Prethermal Floquet Steady States and Instabilities in the Periodically Driven, Weakly Interacting Bose-Hubbard Model

TL;DR

This paper investigates the nonequilibrium steady states and instabilities of a periodically driven weakly interacting Bose-Hubbard model, revealing how drive strength influences condensate stability and providing insights relevant to ultracold atom experiments.

Contribution

It develops a weak-coupling conserving approximation to describe the nonequilibrium dynamics at arbitrary drive parameters, identifying stability regimes for different condensates.

Findings

Increased drive strength enhances condensate stability.

Bandwidth reduction of quasiparticles impedes resonant heating.
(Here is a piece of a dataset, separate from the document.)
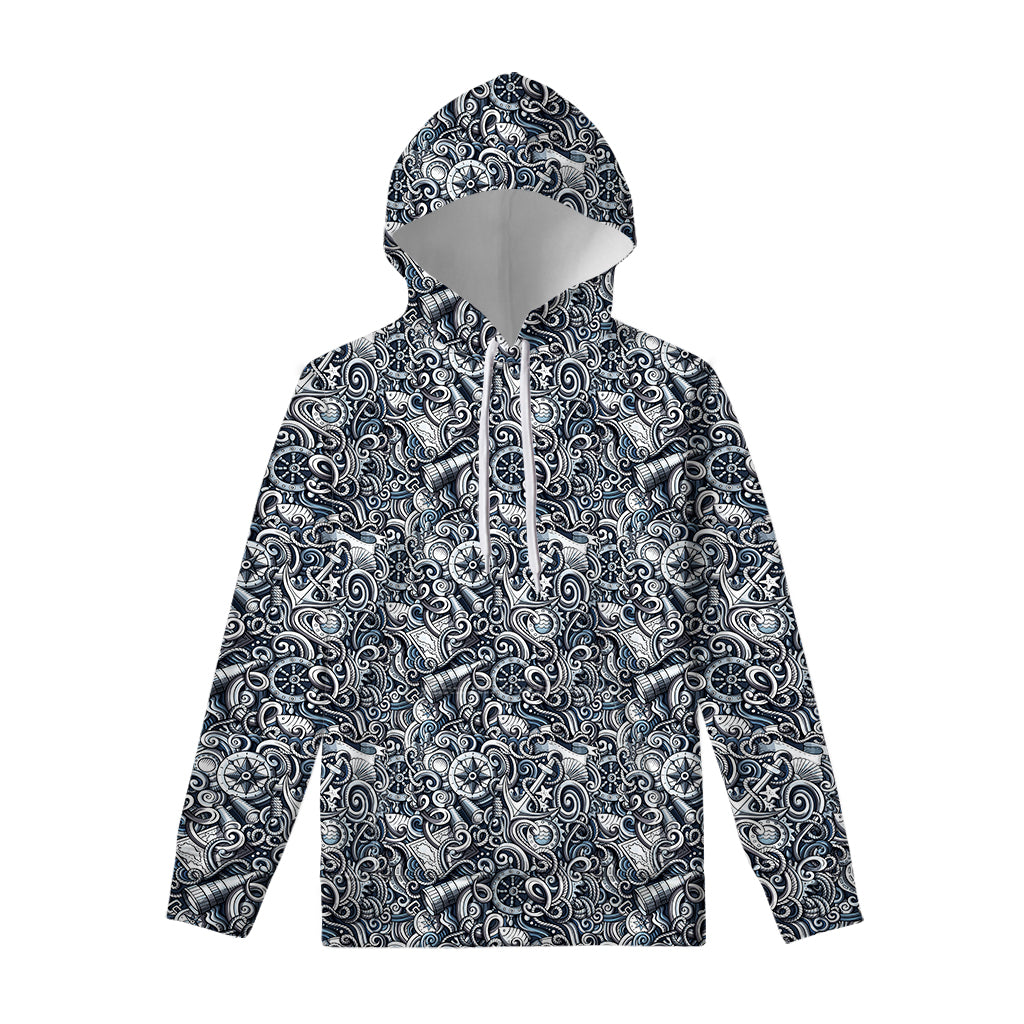 Abstract Nautical Anchor Pattern Print Pullover Hoodie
Stable regimes for zero-momentum and $(\pi,\pi)$-momentum condensates are established.

Abstract

We explore prethermal Floquet steady states and instabilities of the weakly interacting two-dimensional Bose-Hubbard model subject to periodic driving. We develop a description of the nonequilibrium dynamics, at arbitrary drive strength and frequency, using a weak-coupling conserving approximation. We establish the regimes in which conventional (zero-momentum) and unconventional [$(\pi,\pi)$-momentum] condensates are stable on intermediate time scales. We find that condensate stability is \emph{enhanced} by increasing the drive strength, because this decreases the bandwidth of quasiparticle excitations and thus impedes resonant absorption and heating. Our results are directly relevant to a number of current experiments with ultracold bosons.